Task prompt —
The answer is an exact copy of the lines from the one with "Đảng bộ MTTQ, các" to the end of the listing below, pictures left out.

Exercise data —
== == ==
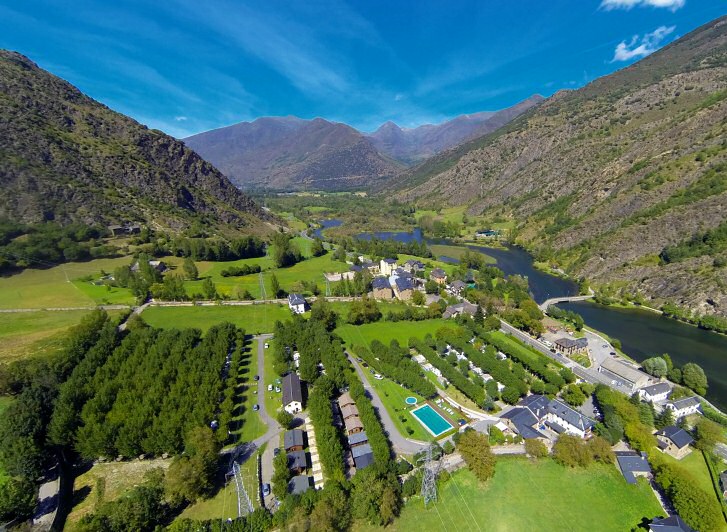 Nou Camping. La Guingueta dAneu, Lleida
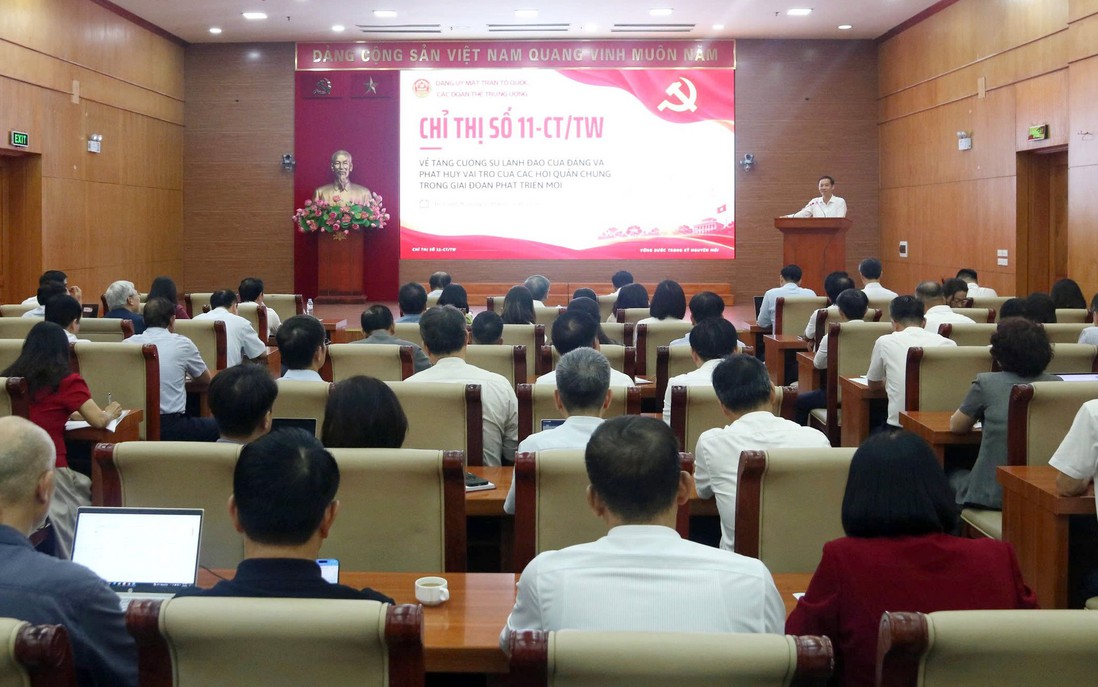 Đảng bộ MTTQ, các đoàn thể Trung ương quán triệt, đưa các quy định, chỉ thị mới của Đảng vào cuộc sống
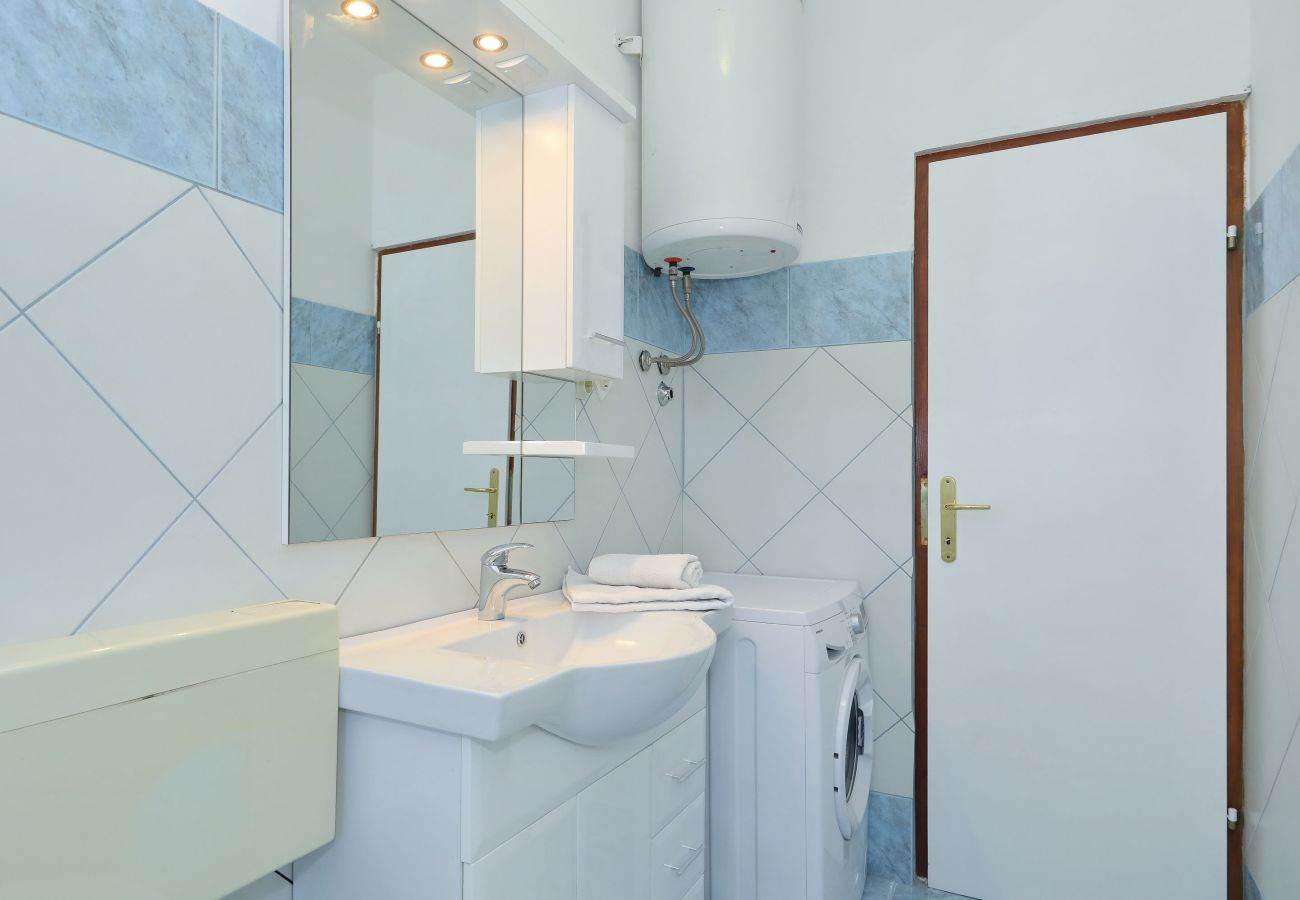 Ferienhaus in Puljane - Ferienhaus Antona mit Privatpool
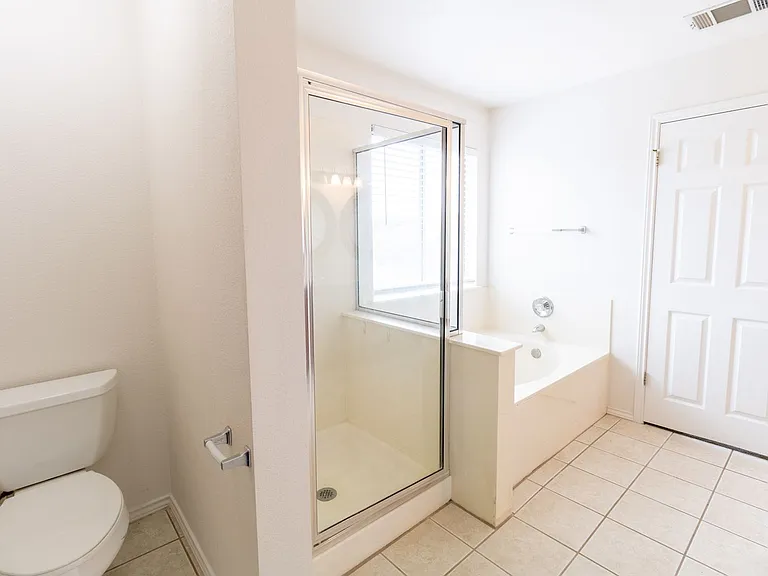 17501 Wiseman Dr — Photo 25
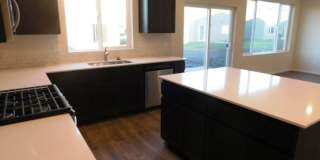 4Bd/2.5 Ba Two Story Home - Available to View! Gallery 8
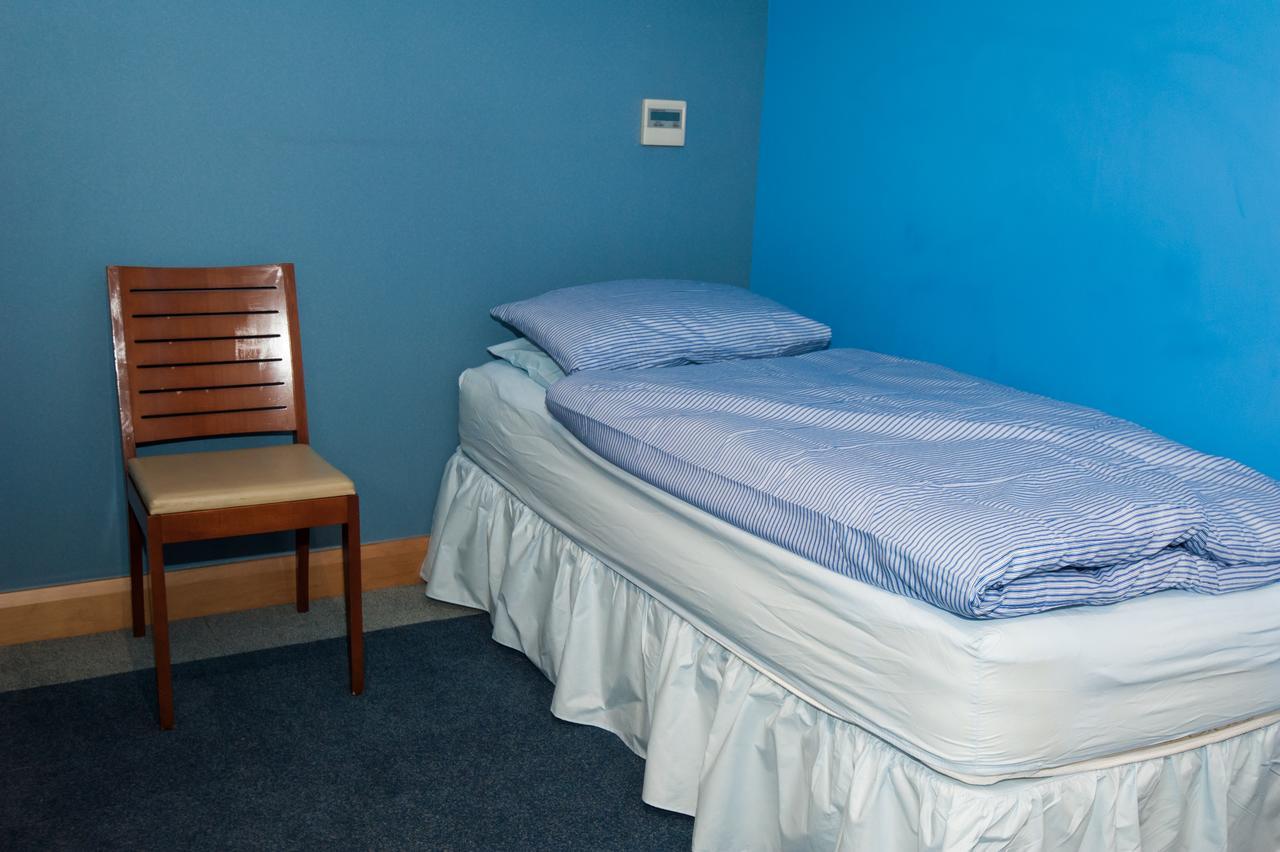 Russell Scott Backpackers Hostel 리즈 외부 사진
== == ==
Written answer —
 Đảng bộ MTTQ, các đoàn thể Trung ương quán triệt, đưa các quy định, chỉ thị mới của Đảng vào cuộc sống
 Ferienhaus in Puljane - Ferienhaus Antona mit Privatpool
 17501 Wiseman Dr — Photo 25
 4Bd/2.5 Ba Two Story Home - Available to View! Gallery 8
 Russell Scott Backpackers Hostel 리즈 외부 사진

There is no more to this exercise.